__Data extracted from a collection__.
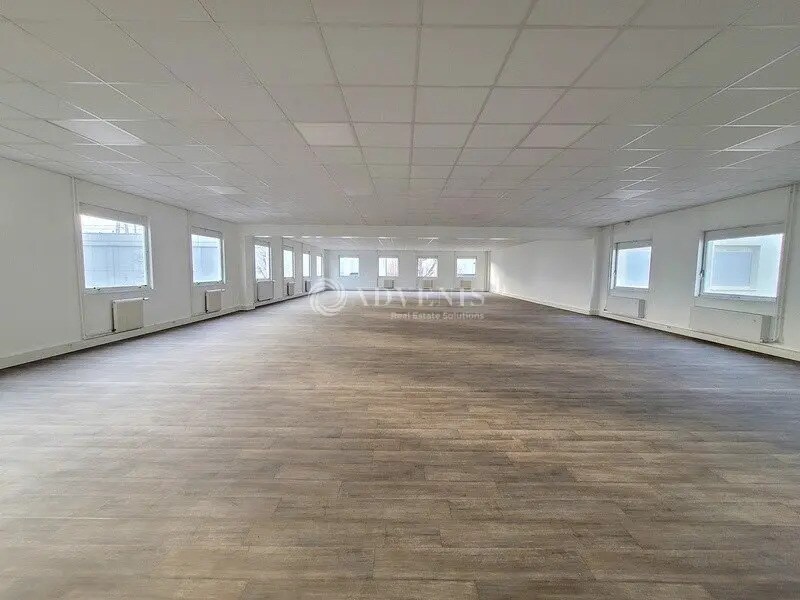 9 Chaussée Jules César, Osny à vendre Photo de l’immeuble– Image 1 sur 7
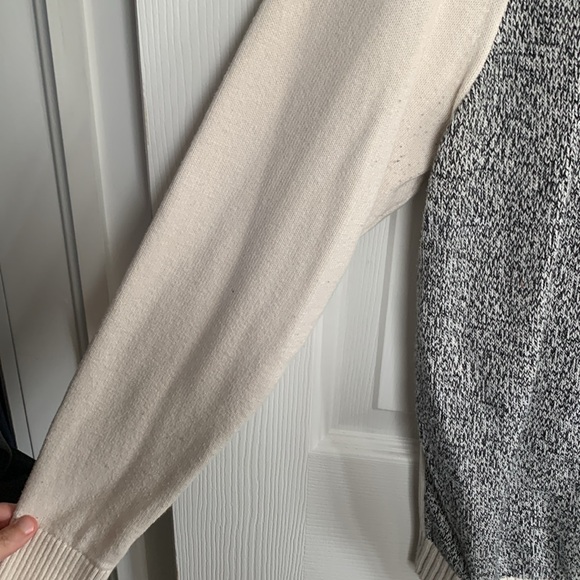 Women’s Gap 100% Cotton Gray and Cream Sweater - Picture 4 of 7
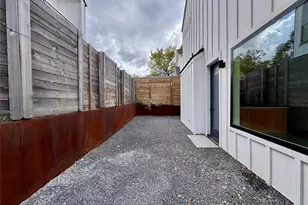 2919 E 13th St, Austin, TX 78702 - Photo 38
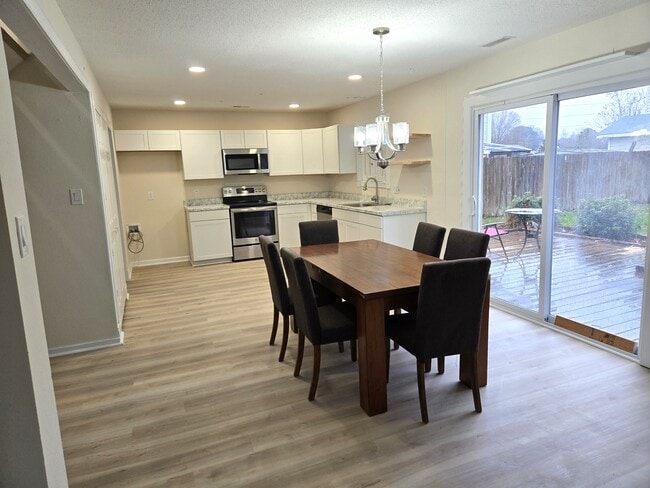 Building Photo - 3912 Riverside Cir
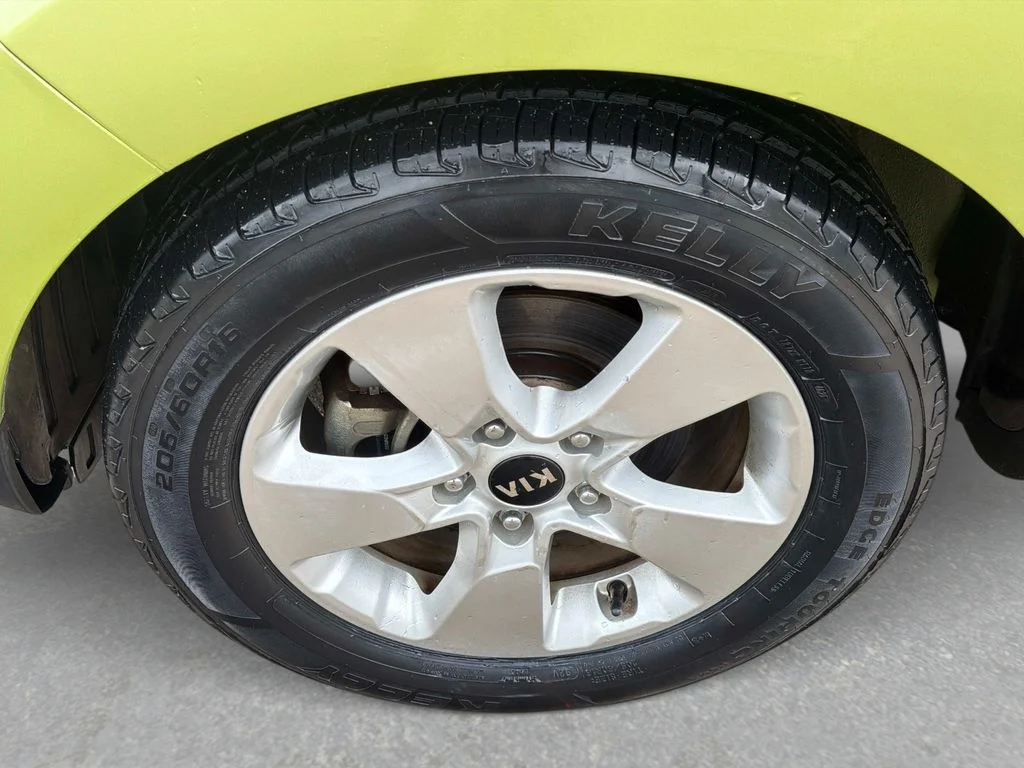 Used 2019 Alien II Kia Base image 12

__HOW TO COMPLETE THIS TASK__. Take the line that holds "2919 E 13th St, Austin, TX 78702 - Photo 38" as the start and the last line of the data as the end. Copy only those lines exactly, both ends included, except the pictures.

__SOLUTION FOR THIS EXERCISE__.
 2919 E 13th St, Austin, TX 78702 - Photo 38
 Building Photo - 3912 Riverside Cir
 Used 2019 Alien II Kia Base image 12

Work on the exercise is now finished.